With holiday shopping underway, consumers will be spending their hard-earned dollars at record levels this season once again.
According to the National Retail Federation’s annual consumer spending survey, consumers plan to spend an average of $1,047.83 during the holiday shopping season, which includes gifts, food, flowers, decorations and greeting cards. This year’s planned spending is up 4% from 2017’s $1,007.
Consumers said they will spend nearly $658 on gifts for others and $227 for items such as food, decorations, flowers and greeting cards this year.
While spending is up, so is credit-card debt.
Results from NFCC Consumer Financial Literacy Survey revealed that one in four Americans admit they do not pay all their bills on time, and nearly one in 10 now have debts in collection, both showing a slight increase from last year.
Yet, there are many ways consumers can avoid trouble.
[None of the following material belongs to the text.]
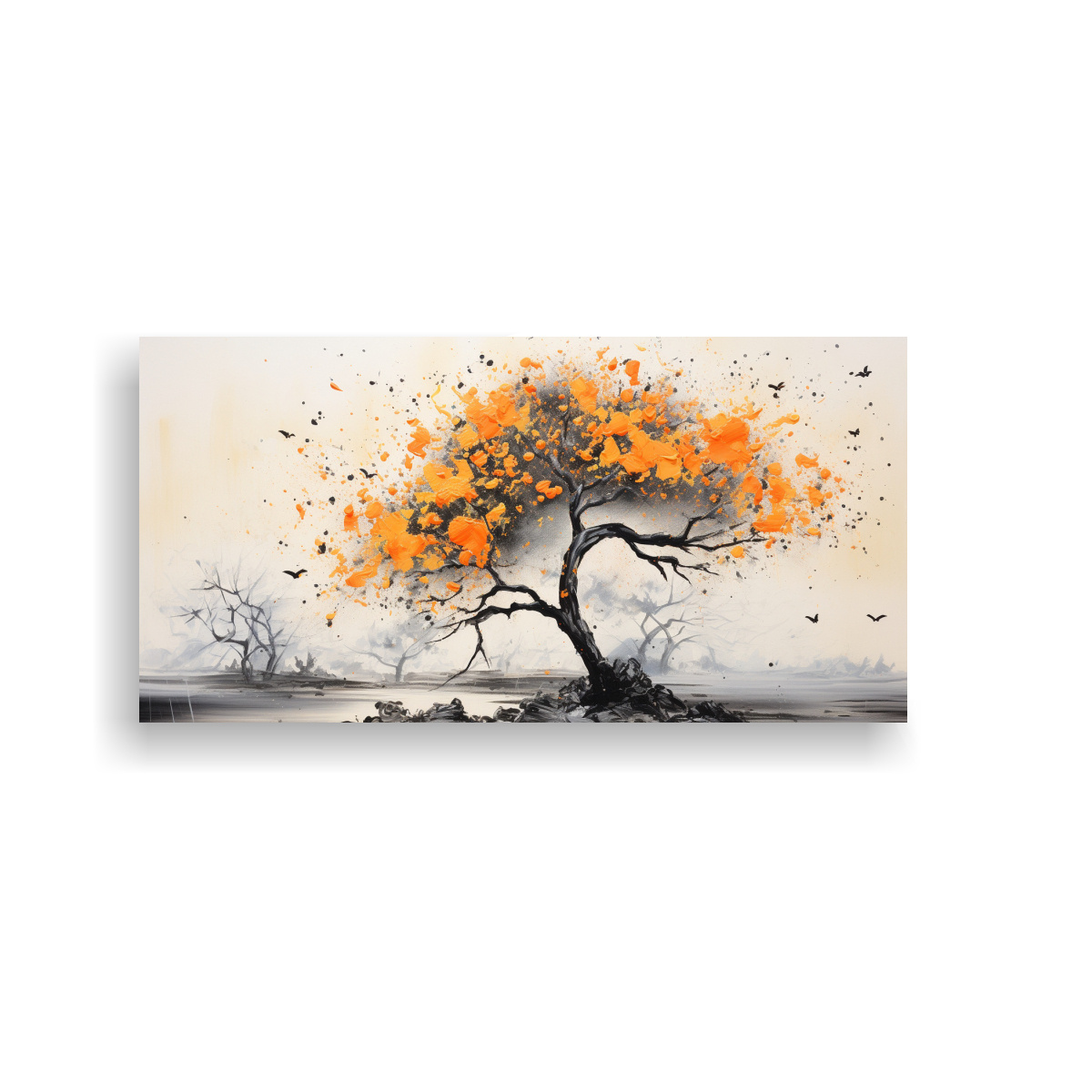 COMPOSICIÓN MOVIMIENTO VISUAL: PINTURA ABSTRACTA ACUARELA ÁRBOL NARANJA COLORES NEGROS 60X30CM - 1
The simplest, though, is setting a budget.
WalletHub analyst Jill Gonzalez said the best way to stay within budget “is to make a list of everyone you need to buy gifts for, what you want to get them and roughly what those items will cost. After that, figure out what your holiday budget is and if your budget and the list of gifts don’t match, then you need to prioritize gifts and come up with alternative ideas for the most expensive ones.”
While that may take more time than one would like, it will be worth it in the long run.
And remember, you don’t have to break the bank to show appreciation. One can always make a do-it-yourself project that won’t break the bank.
This holiday season, spend your hard-earned money wisely with a budget. And make sure it is memorable for the right reasons.